Print exactly the lines from the one containing "5320 North Sheridan" through the last line of the records below, both included, and nothing else; omit any pictures.

Start of STORED DATA

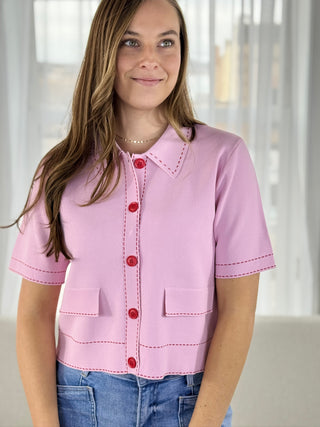 Woman wearing a pink blouse with red buttons and blue jeans indoors.
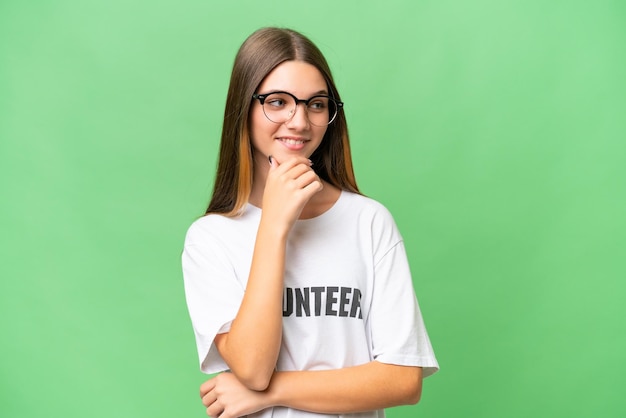 Adolescente volontario ragazza caucasica su sfondo isolato guardando al lato e sorridente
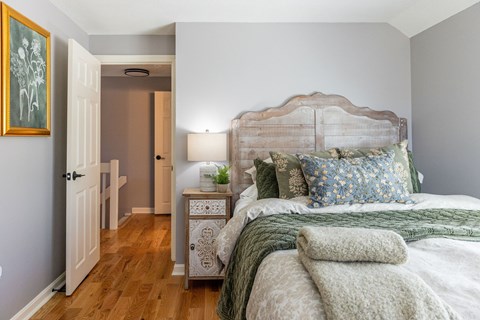 A bedroom with a large bed and a wooden nightstand.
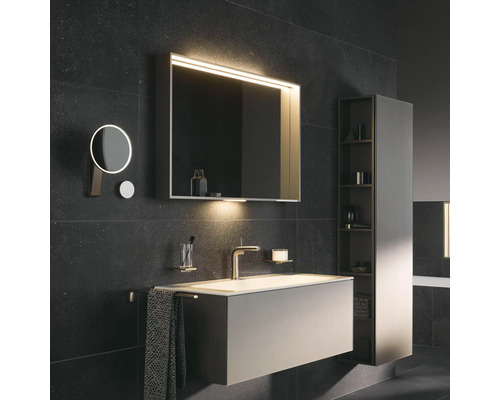 Badezimmer mit Waschtisch, Spiegelschrank mit Beleuchtung, Kosmetikspiegel und Hochschrank für Badezimmerutensilien.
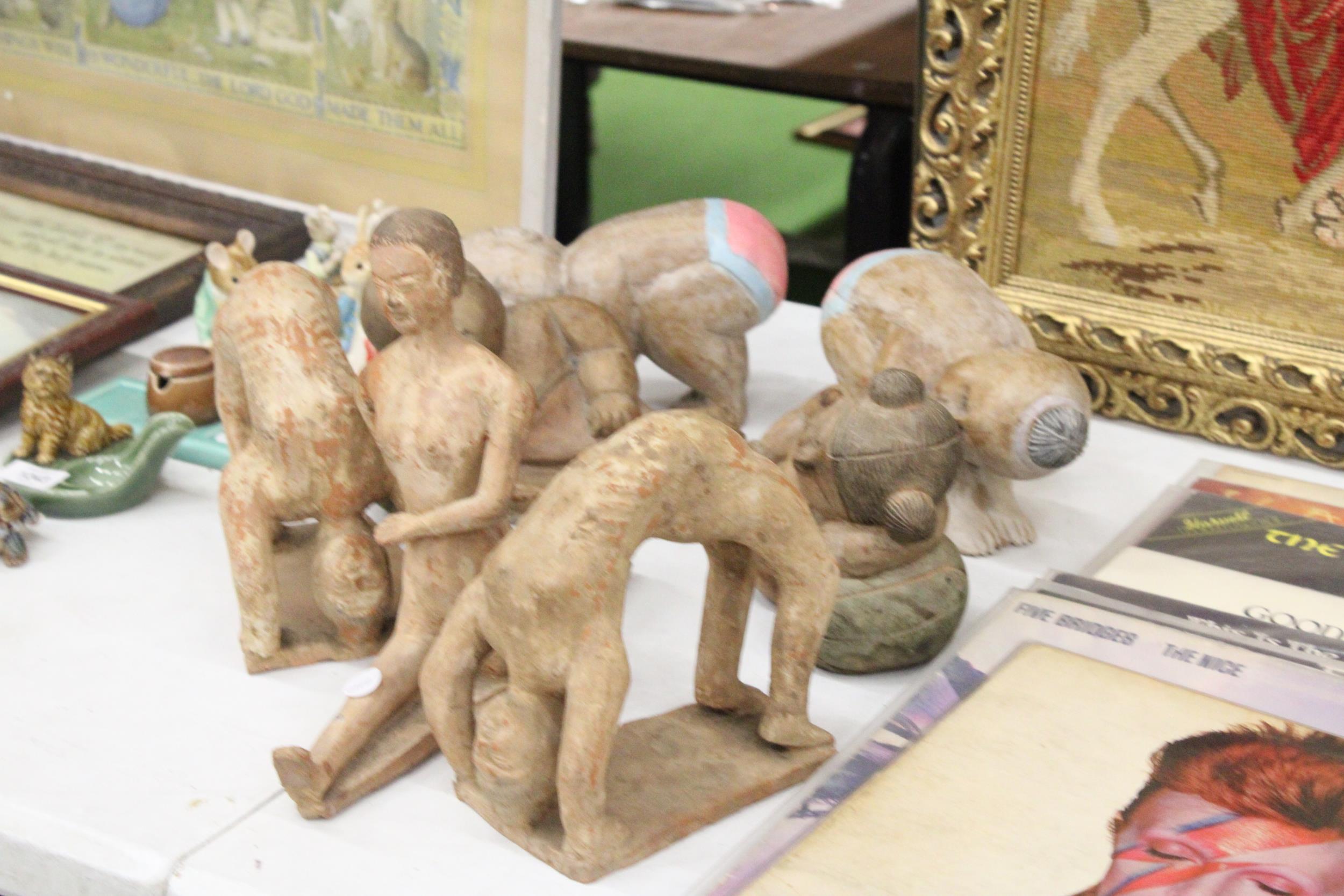 THREE LARGE CLAY MODELS OF GYMNASTS, PLUS FOUR WOODEN BABY BUDDAHS - Image 5 of 5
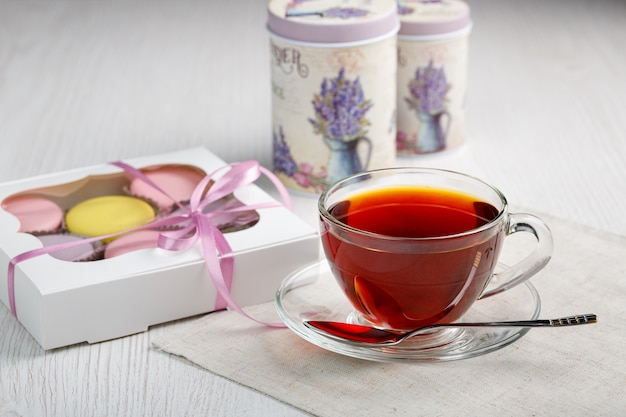 Macaroons in a box and a cup of tea on a light wood kitchen table 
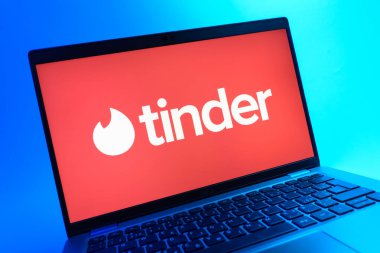 Prag, Çek Cumhuriyeti - 05 08 2025: Renkli bir arkaplanda uzanan ve Tinder logosunu gösteren bir dizüstü bilgisayarın yakından görüntüsü.
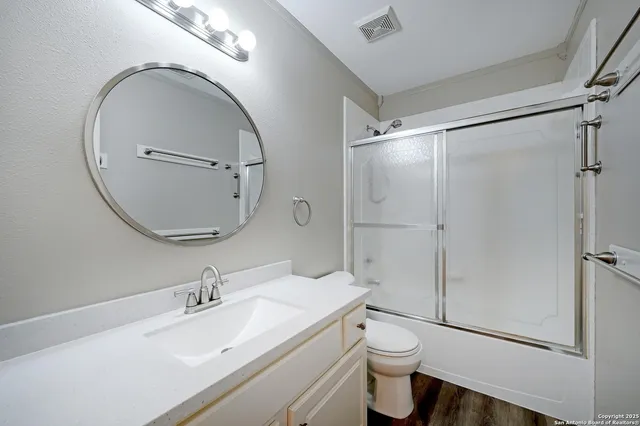 a bathroom with a double vanity sink toilet mirror and shower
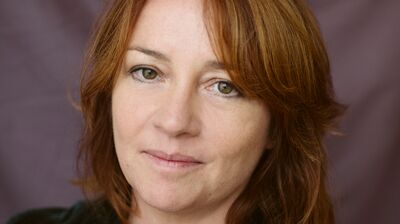 Eimear McBride wearing a silver necklace and a green top.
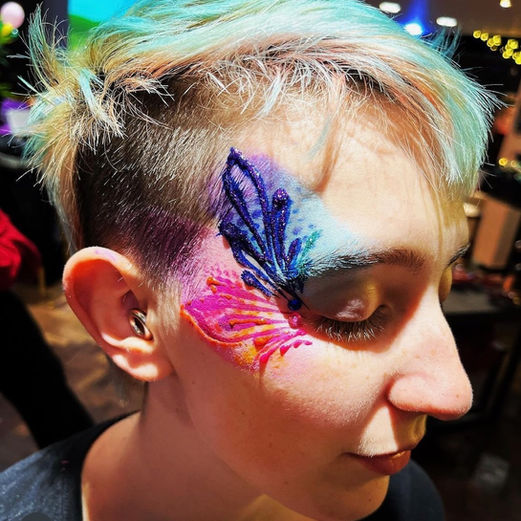 Person wears glitter makeup and face paint 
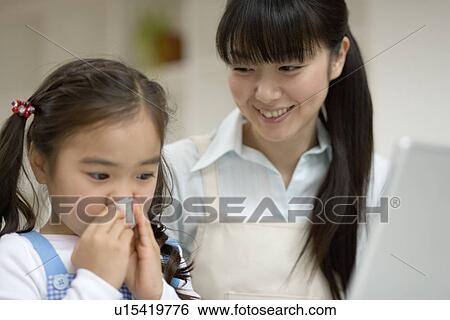 Stock Photograph - Girl blowing her nose. Fotosearch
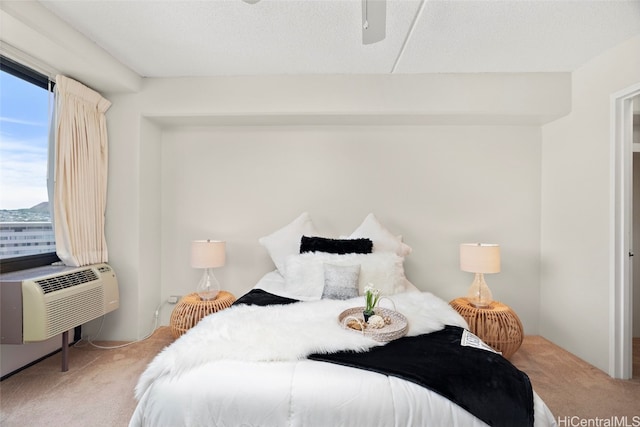 carpeted bedroom with a textured ceiling and ceiling fan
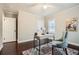 Bedroom featuring hardwood floors, neutral walls, and natural light from the windows at 3395 Lake Valley Nw Rd, Atlanta, GA 30331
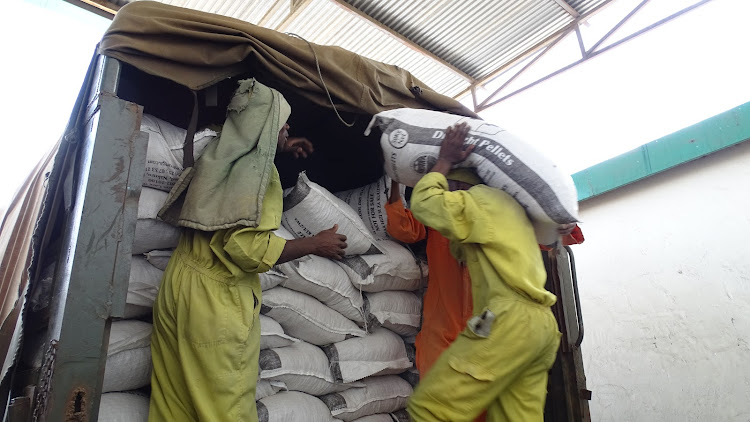 Workers at Unga Farm Care plant in Nairobi load a military truck with livestock feed provided by the National Drought Management Authority.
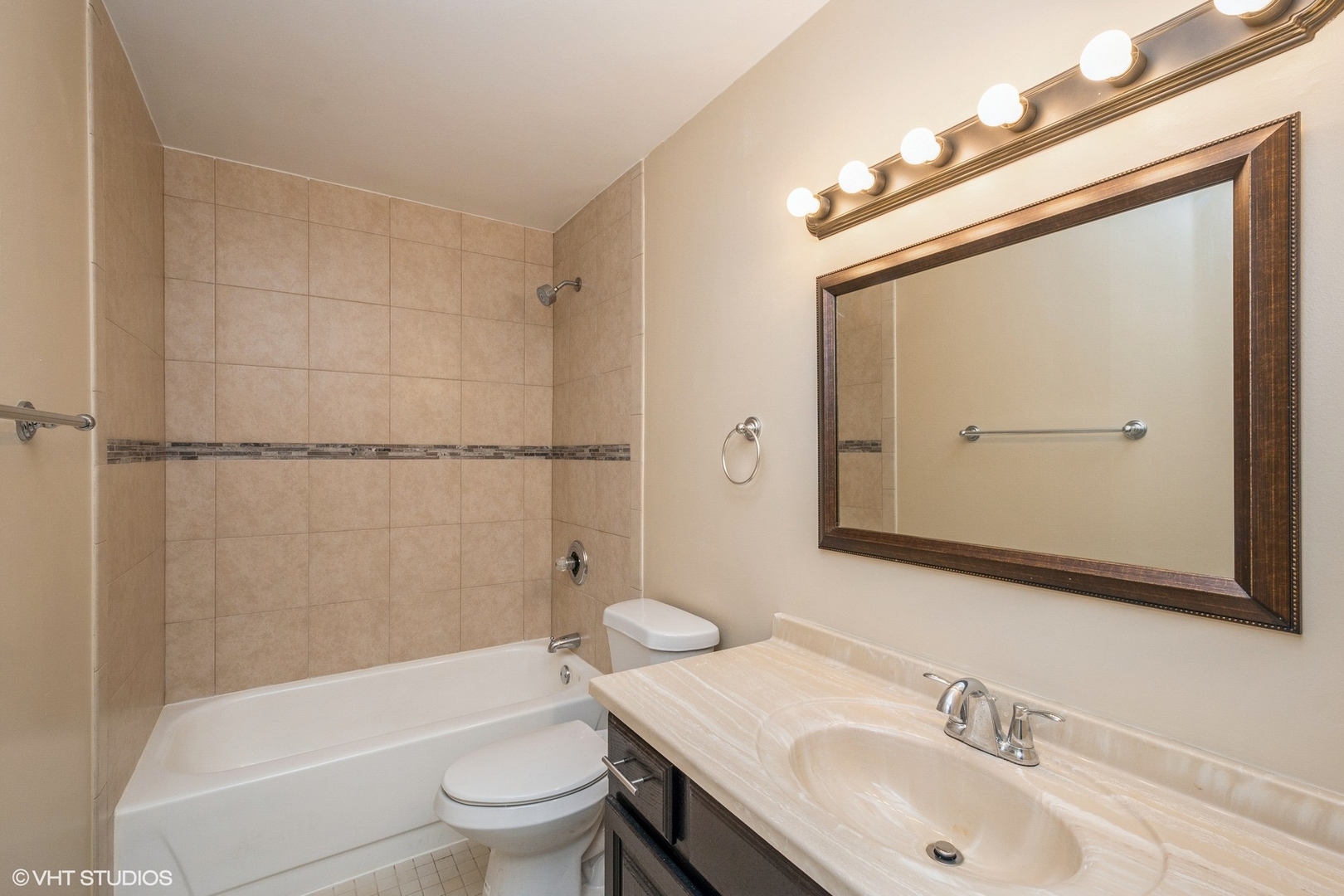 5320 North Sheridan Road, Unit 608 Chicago, IL 60640 - Photo 8 of 10 a bathroom with a sink toilet and shower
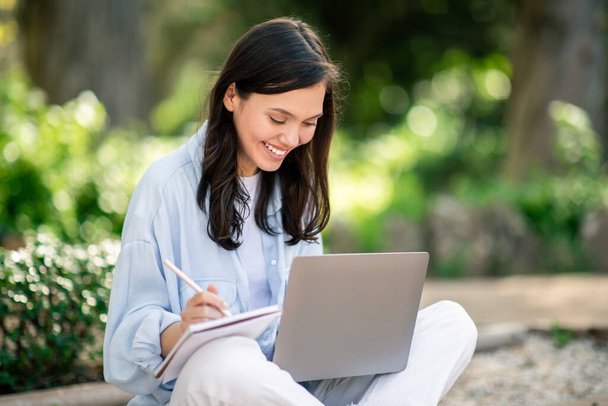 Een toegewijde jonge studente gebruikt haar laptop om buiten in het park te studeren, aantekeningen te maken in een notitieblok - Foto, afbeelding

End of STORED DATA

**REPLY**
 5320 North Sheridan Road, Unit 608 Chicago, IL 60640 - Photo 8 of 10 a bathroom with a sink toilet and shower
 Een toegewijde jonge studente gebruikt haar laptop om buiten in het park te studeren, aantekeningen te maken in een notitieblok - Foto, afbeelding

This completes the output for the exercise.